# How to complete this task
Copy out every record that follows, word for word.

# Dataset extract
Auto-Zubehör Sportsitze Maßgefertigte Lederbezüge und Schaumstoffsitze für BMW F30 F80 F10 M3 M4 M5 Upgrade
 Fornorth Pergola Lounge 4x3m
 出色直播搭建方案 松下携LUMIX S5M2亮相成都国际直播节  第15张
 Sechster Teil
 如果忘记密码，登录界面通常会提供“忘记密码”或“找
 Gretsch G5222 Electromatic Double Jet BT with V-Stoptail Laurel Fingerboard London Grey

# Answer section
Auto-Zubehör Sportsitze Maßgefertigte Lederbezüge und Schaumstoffsitze für BMW F30 F80 F10 M3 M4 M5 Upgrade
 Fornorth Pergola Lounge 4x3m
 出色直播搭建方案 松下携LUMIX S5M2亮相成都国际直播节  第15张
 Sechster Teil
 如果忘记密码，登录界面通常会提供“忘记密码”或“找
 Gretsch G5222 Electromatic Double Jet BT with V-Stoptail Laurel Fingerboard London Grey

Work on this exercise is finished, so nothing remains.